■ **Provided records**:
• • • • • • •

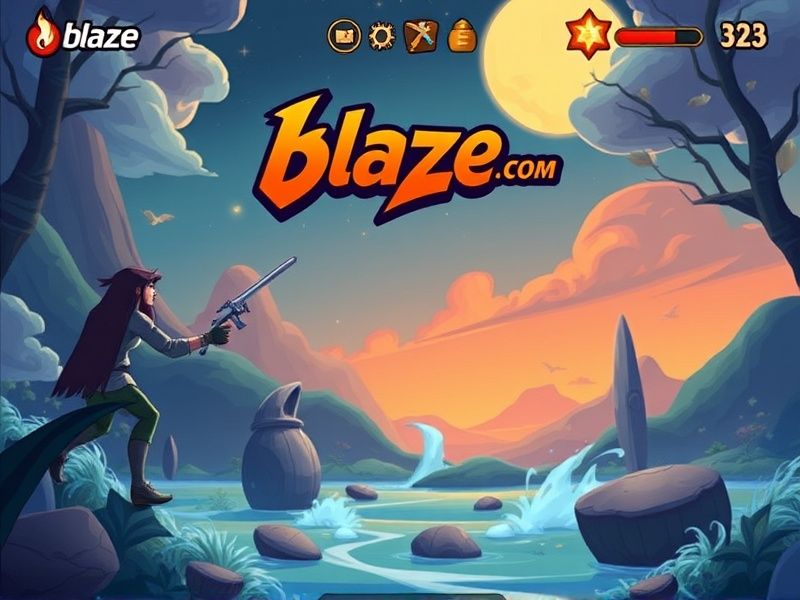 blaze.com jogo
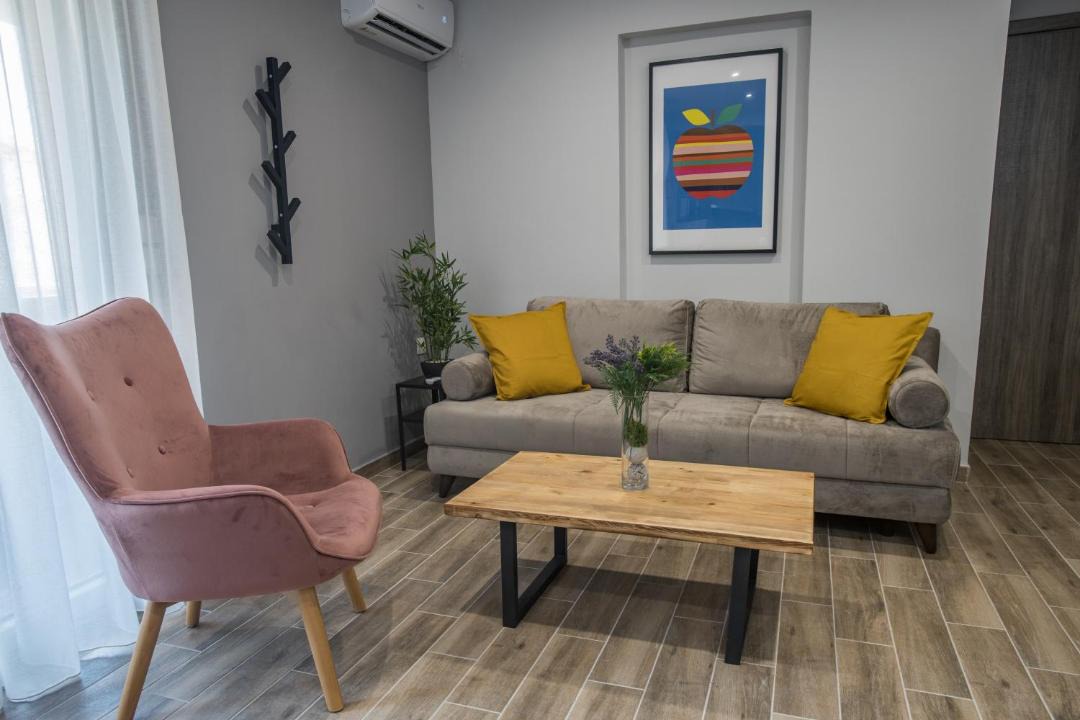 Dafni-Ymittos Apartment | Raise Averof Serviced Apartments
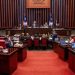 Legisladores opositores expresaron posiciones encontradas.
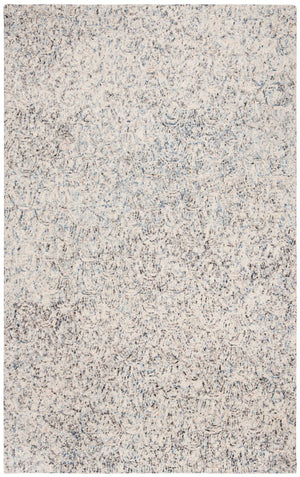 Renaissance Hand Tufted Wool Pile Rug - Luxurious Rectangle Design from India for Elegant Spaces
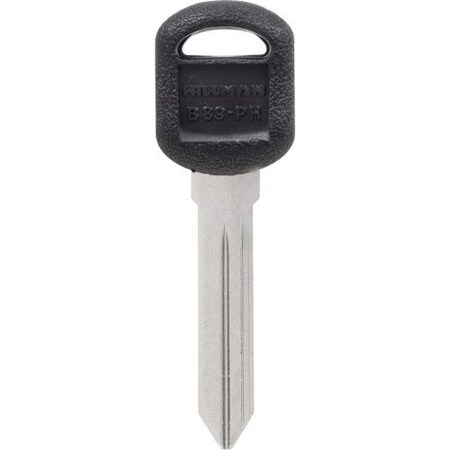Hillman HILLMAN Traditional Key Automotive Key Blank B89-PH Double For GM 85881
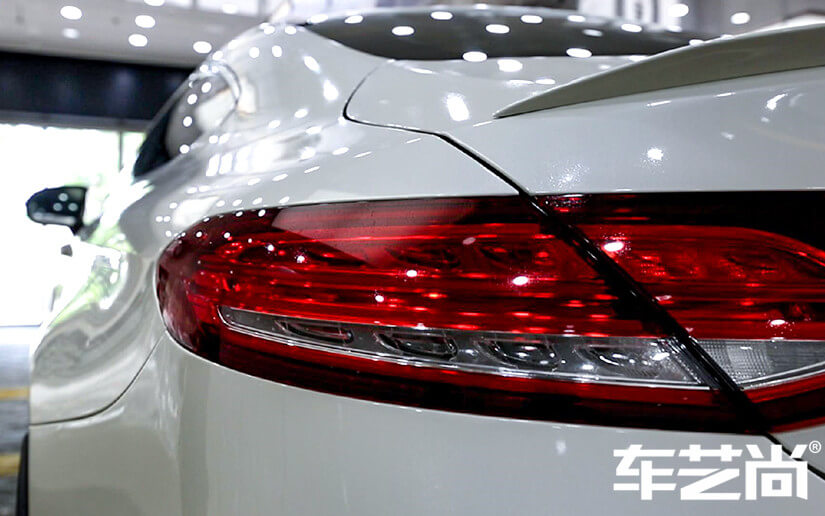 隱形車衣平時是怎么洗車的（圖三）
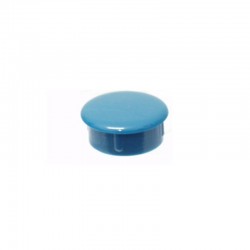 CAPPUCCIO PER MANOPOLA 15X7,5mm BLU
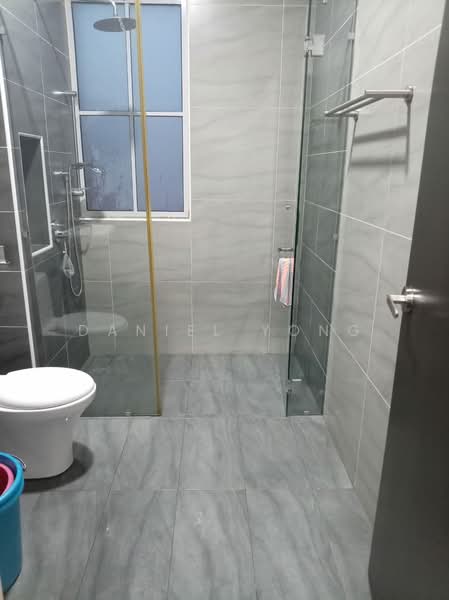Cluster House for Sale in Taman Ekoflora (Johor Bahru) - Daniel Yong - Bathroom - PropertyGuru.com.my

• • • • • • •

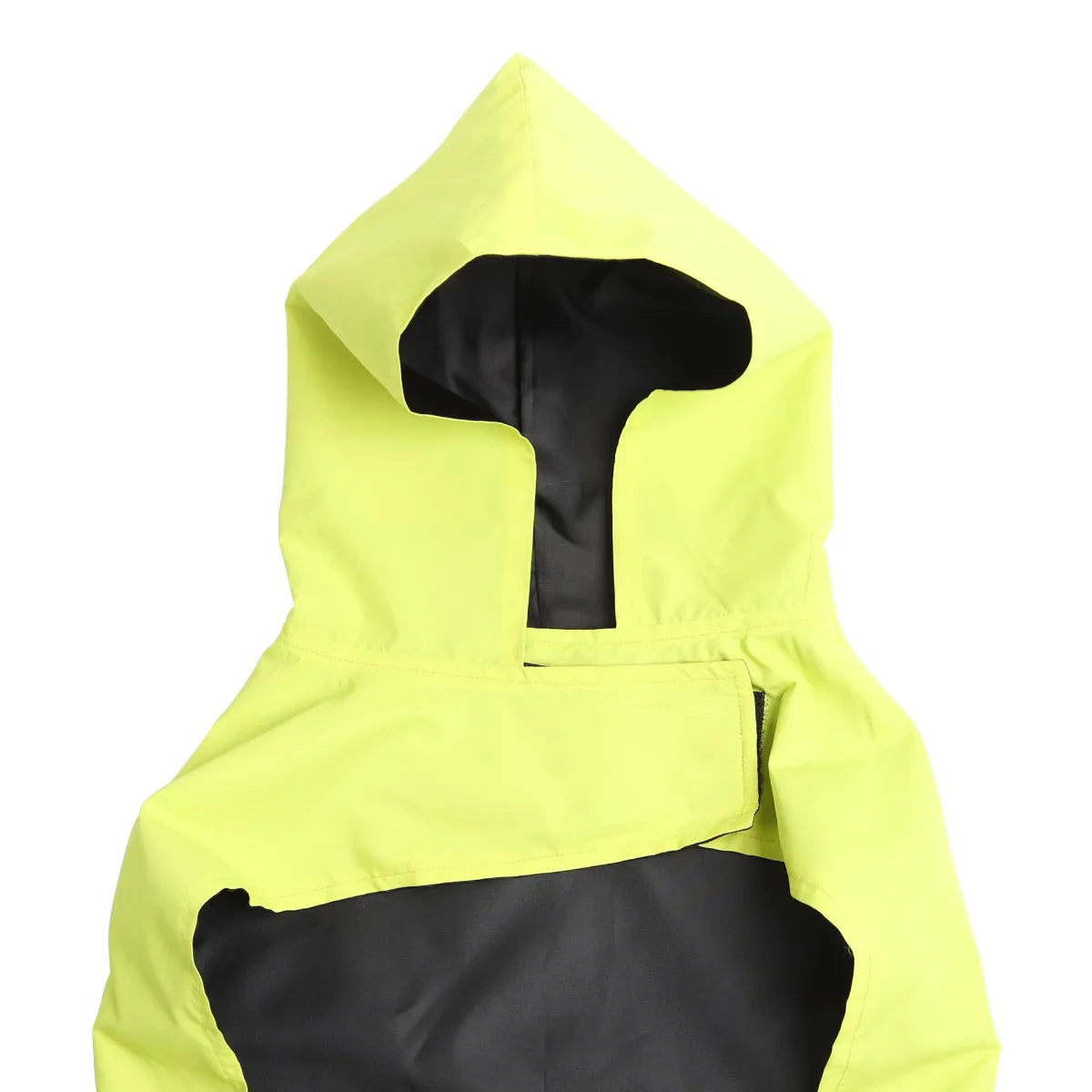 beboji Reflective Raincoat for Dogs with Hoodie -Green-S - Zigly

• • • • • • •

■ **What you are asked to do**: What you return from the records above should be exactly everything from the line with "blaze.com jogo" down to the line with "Cluster House for", both kept, and no pictures.

■ **Response to this exercise**:
 blaze.com jogo
 Dafni-Ymittos Apartment | Raise Averof Serviced Apartments
 Legisladores opositores expresaron posiciones encontradas.
 Renaissance Hand Tufted Wool Pile Rug - Luxurious Rectangle Design from India for Elegant Spaces
Hillman HILLMAN Traditional Key Automotive Key Blank B89-PH Double For GM 85881
 隱形車衣平時是怎么洗車的（圖三）
 CAPPUCCIO PER MANOPOLA 15X7,5mm BLU
Cluster House for Sale in Taman Ekoflora (Johor Bahru) - Daniel Yong - Bathroom - PropertyGuru.com.my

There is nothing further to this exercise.